Microsoft has merged Semantic Kernel and AutoGen to create the Agent Framework, stirring the AI Agent waters.
Microsoft Agent Framework is an open-source development kit for building AI agents and multi-agent workflows for .NET and Python. The big deal is that, with the new framework, Microsoft provides the tooling necessary for orchestrating multiple agents that work on complex multi-step tasks.
Those orchestration scenarios include:
Sequential Agent orchestration in scenarios where step-by-step workflows are needed.
Concurrent orchestration in scenarios where agents need to complete tasks at the same time.
Group chat orchestration in scenarios where agents can collaborate together on one task.
Handoff Orchestration in scenarios where agents hand off the task to one another as the subtasks are completed.

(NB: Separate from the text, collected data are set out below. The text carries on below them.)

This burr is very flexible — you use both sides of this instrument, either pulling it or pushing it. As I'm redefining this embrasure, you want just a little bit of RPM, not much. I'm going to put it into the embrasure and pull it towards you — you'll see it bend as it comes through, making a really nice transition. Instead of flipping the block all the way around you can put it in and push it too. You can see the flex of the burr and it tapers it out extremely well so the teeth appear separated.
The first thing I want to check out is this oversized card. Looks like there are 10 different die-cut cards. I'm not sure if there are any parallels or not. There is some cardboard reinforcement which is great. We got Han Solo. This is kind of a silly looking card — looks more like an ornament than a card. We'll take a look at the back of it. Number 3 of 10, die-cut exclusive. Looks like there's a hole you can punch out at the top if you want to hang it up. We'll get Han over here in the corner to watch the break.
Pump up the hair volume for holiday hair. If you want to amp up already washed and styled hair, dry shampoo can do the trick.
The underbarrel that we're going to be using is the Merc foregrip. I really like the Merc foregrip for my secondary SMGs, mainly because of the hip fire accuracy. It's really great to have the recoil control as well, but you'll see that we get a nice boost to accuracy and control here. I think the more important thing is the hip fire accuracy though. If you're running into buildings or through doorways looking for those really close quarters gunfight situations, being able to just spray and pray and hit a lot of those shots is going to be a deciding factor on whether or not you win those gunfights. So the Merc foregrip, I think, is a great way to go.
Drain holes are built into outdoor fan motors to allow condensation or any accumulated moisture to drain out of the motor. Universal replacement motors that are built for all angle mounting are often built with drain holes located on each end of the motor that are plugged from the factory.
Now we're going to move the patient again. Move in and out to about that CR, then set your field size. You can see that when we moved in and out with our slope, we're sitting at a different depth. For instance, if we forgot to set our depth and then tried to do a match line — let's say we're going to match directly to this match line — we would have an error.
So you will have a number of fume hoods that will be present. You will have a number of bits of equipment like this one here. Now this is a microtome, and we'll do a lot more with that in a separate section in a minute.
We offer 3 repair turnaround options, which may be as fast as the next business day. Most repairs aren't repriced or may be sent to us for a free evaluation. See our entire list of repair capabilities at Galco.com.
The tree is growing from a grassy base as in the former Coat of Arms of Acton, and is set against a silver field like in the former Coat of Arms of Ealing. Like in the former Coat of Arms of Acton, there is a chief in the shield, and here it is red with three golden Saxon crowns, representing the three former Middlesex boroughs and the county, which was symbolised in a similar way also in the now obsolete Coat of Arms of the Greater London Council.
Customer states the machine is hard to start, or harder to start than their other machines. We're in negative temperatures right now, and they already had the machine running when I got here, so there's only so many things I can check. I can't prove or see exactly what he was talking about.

Magnetic Orchestration in scenarios where a manager agent creates and modifies a task list and handles the coordination of subagents to complete the task
But Agentic systems are not just about orchestration. There's the aspect of Autonomy in that the agent decides by itself which tools and when to invoke, as well as the aspect of Observability where the developer is able to see what the system does in order to evaluate it. The Agent Framework does 3 out of 3. Orchestration, Autonomy and Observability.
Microsoft Agent Framework is also focused on being inter-operable by:
Being Cloud-agnostic - Agents can run in containers, on-prem and across multiple different clouds.
Being Provider-agnostic - Agents can be created through your preferred SDK including Azure OpenAI and OpenAI
Integrating Open Standards - Agents can utilize protocols such as Agent-to-Agent(A2A) and Model Context Protocol (MCP) to discover and use other agents and tools.
Plugins and Connectors - Connections can be made to data and memory services such as Microsoft Fabric, SharePoint, Pinecone and Qdrant.
Coding time! The framework is available for both Python and .NET, so to install it :
#Python
pip install agent-framework --pre
#.NET
dotnet add package Microsoft.Agents.AI
Now after you authenticate with Azure CLI, you can write your first basic Azure Responses Agent that writes a haiku about the Microsoft Agent Framework:
The project's Github repository features many more code samples to get you started. There you'll find code for creating agents:
using Azure AI Foundry Agent Service with various tools including function tools, code interpreter, MCP integration, and thread management
using Microsoft Copilot Studio with streaming and non-streaming responses, authentication handling, and explicit configuration options
using Azure OpenAI APIs with multiple client types (Assistants, Chat, and Responses clients) supporting function tools, code interpreter, thread management, and more
using OpenAI APIs with comprehensive examples including Assistants, Chat, and Responses clients featuring function tools, code interpreter, file search, web search, MCP integration, image analysis/generation, structured outputs, reasoning, and thread management
using Anthropic models through OpenAI Chat Client configuration, demonstrating tool calling capabilities
custom and chat clients by extending the base framework classes, showing complete control over agent behavior and backend integration
If you're more of a visual builder then you'll be delighted to know that workflows can be authored and debugged visually through the VS Code Extension or Azure AI Foundry, then deployed, tested, and managed in Foundry alongside existing solutions. That is a cloud Foundry Agent Service feature, however.